Efrat Yamin, a Creative-AI specialist with 18 years of art direction experience, responded with genuine enthusiasm to the launch of Figma Weave's new Timeline feature. For her, this is not a routine product update but a meaningful shift in how creative professionals think about their working process.

What Does Timeline Enable That Was Not Possible Before?

Until now, anyone who wanted to produce video within a design workflow had to move between tools. Design in one platform, editing in another. Figma Weave Timeline brings video rhythm directly into the canvas. You can sequence shots, layer sound, and keep iterating, all without leaving the working environment.

More than that: changing a single decision updates the entire project automatically. There is no need to manually sync every component separately.

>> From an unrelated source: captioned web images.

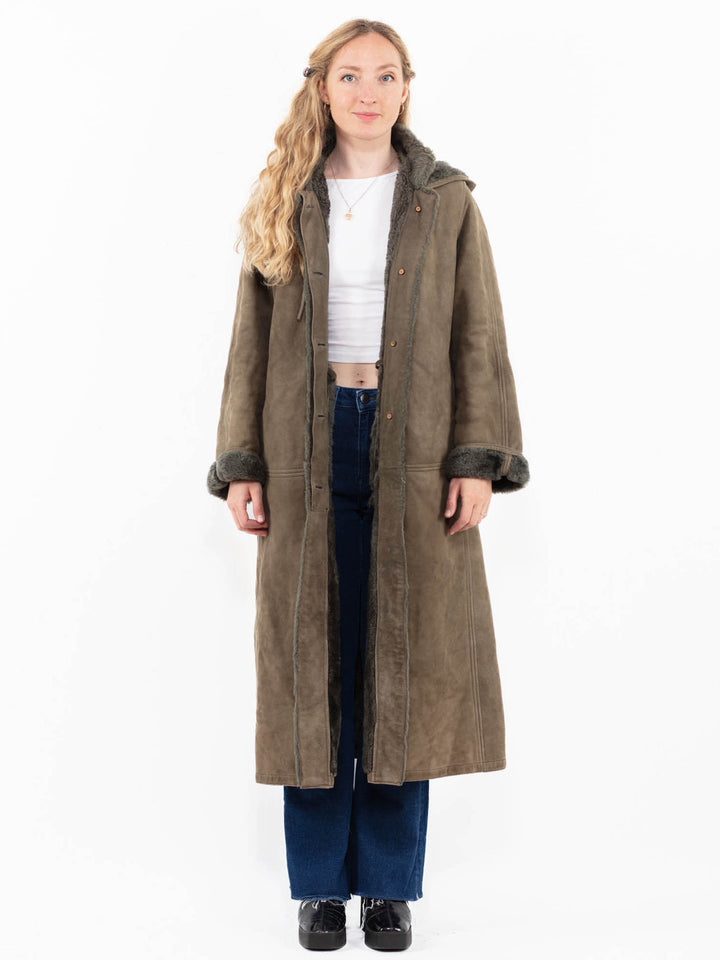 Vintage 90's Women Hooded Sheepskin Coat in Khaki Green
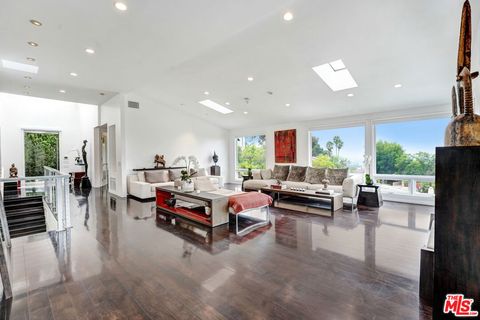 1415 Summitridge Drive Beverly Hills CA 90210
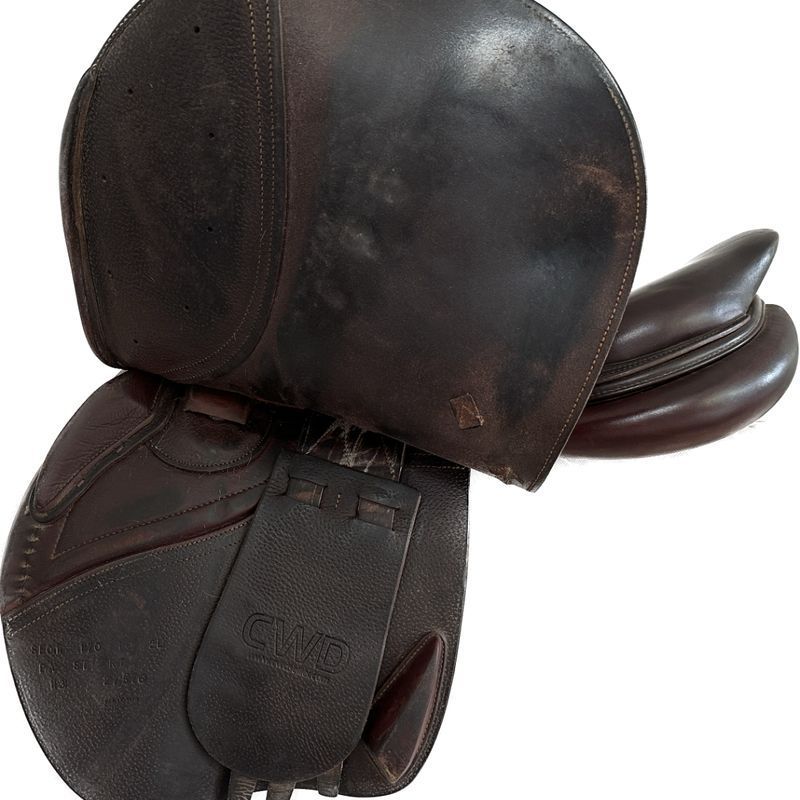 CWD Hunter/Jumper SE01 | 17" | 2L Flaps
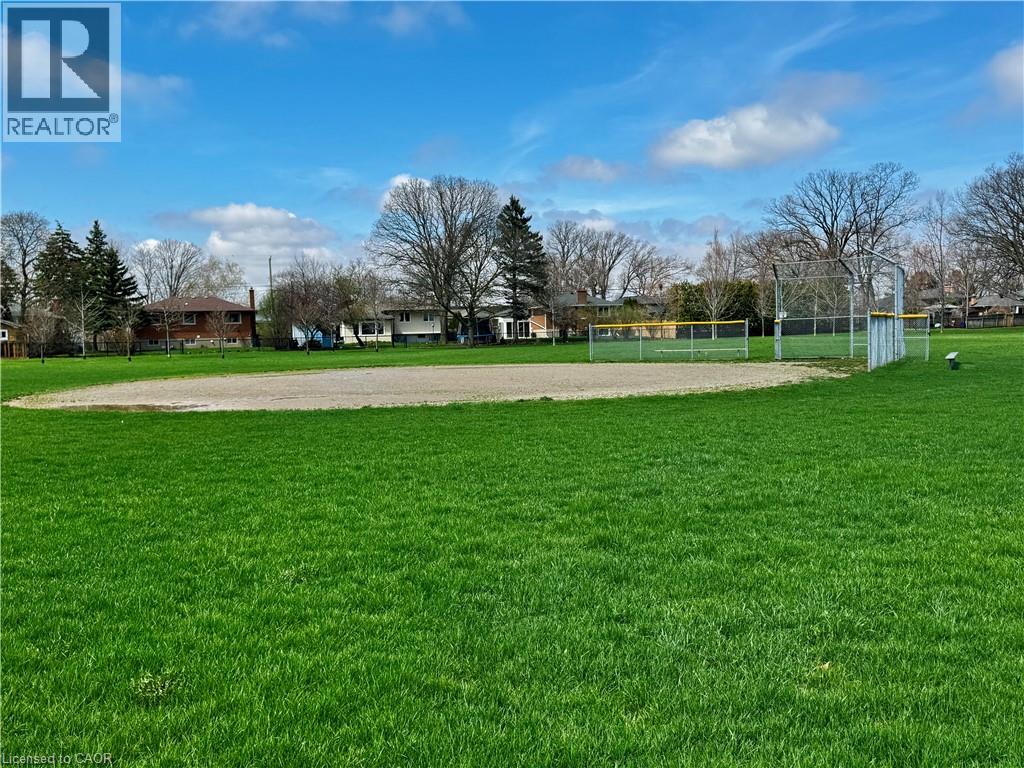 2075 SEABROOK Drive, Oakville, Ontario, L6L2T8 — Photo 10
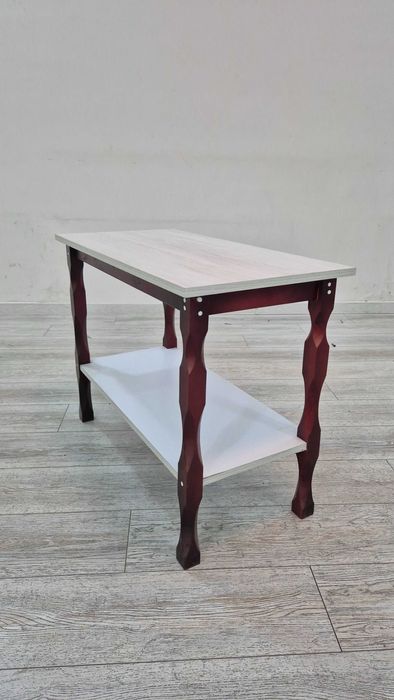 Консольный столик с полкой.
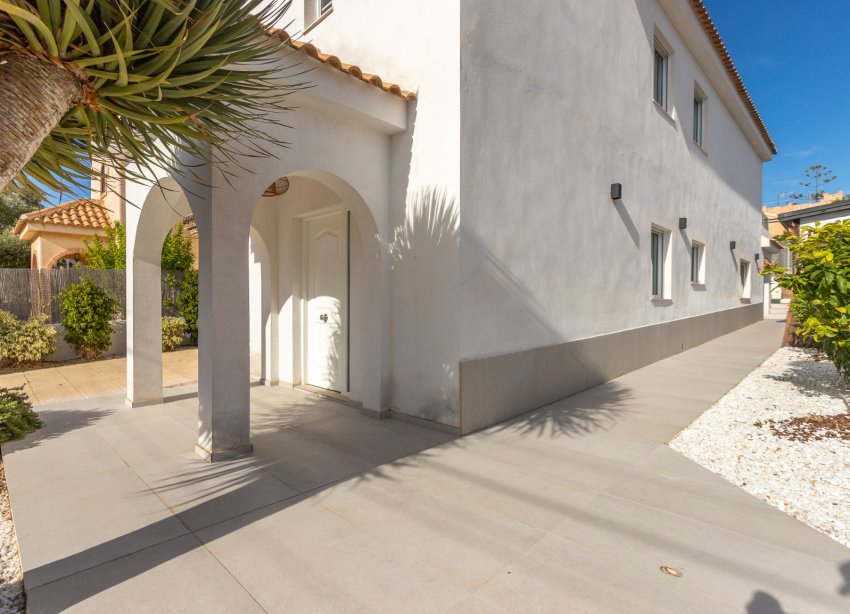 Resale - Villa / House - Torrevieja - Los Balcones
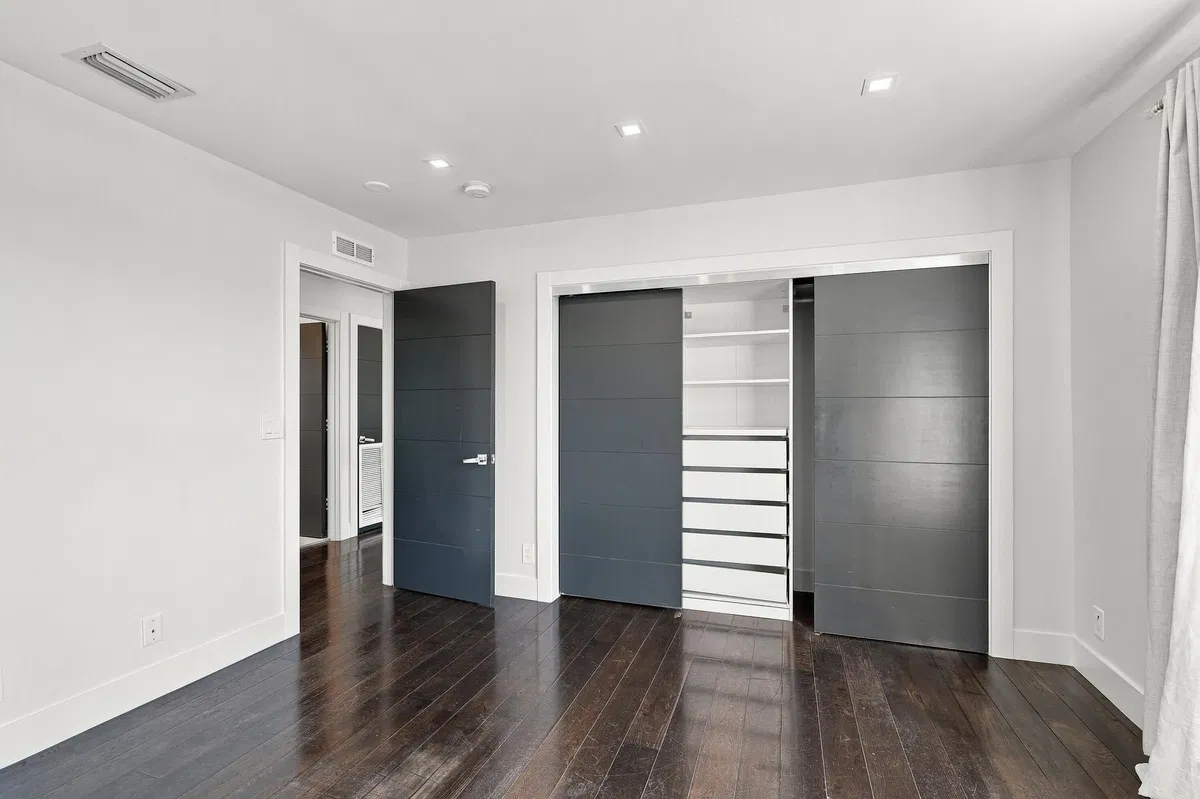 Residence photo 28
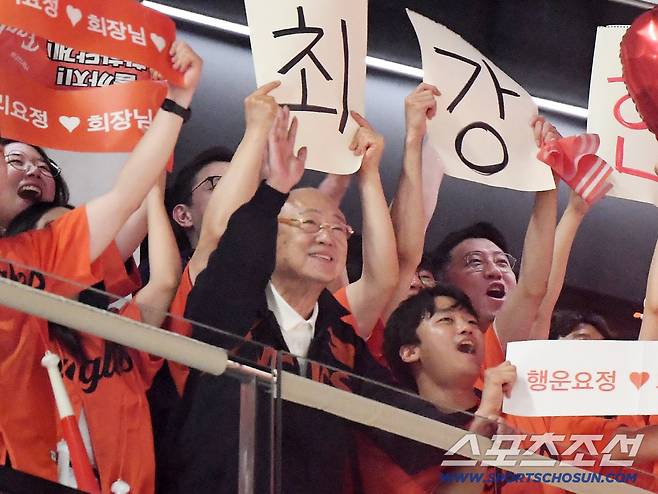 3일 대전 한화생명볼파크에서 열린 NC-한화전. 경기장을 방문한 한화 김승연 회장이 직원들과 함께 경기를 관람하고 있다. 대전=정재근 기자 cjg@sportschosun.com/2025.7.3/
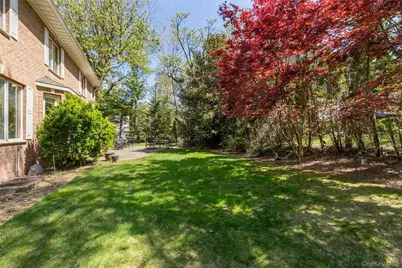 23 Fox Hunt Lane, Great Neck, NY 11020 - Photo 26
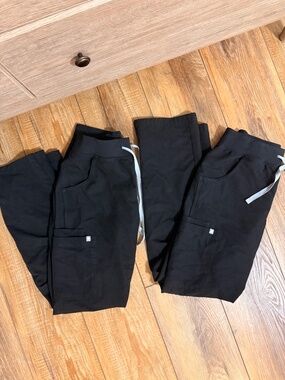 FIGS XS Scrubs Regular Length
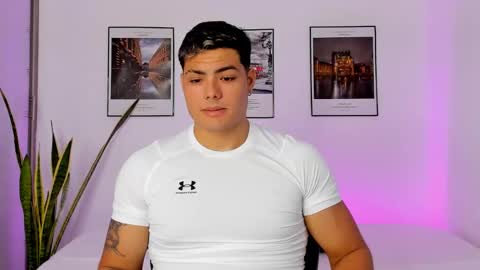 MAX MIULLER online show from 10/27/25, 12:42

Editing as Part of Thinking, Not the End of It

Lior Albeck, the founder behind Figma Weave, states the philosophy clearly: editing is not a stage that happens at the end but part of how you think through the work. Yamin identified exactly this point. The ability to build video rhythm in the middle of a creative process has a direct impact on the quality of decisions and the speed of execution.

What This Means for Marketing and Content Teams

Teams that still operate with a linear pipeline of design, then editing, then approval may find that competitors are already working differently. Tools that embed the editing phase into the design pipeline reduce development time and expand the space for experimentation and iteration.

Figma Weave as an Example of a Broader Trend

Timeline is part of a wider pattern: AI tools being built inside existing workflows rather than alongside them. Instead of requiring users to switch tools, these products bring new capabilities to where the user already is. For Yamin, who defines her work as turning prompts into profit, this is exactly the direction the industry needs to move.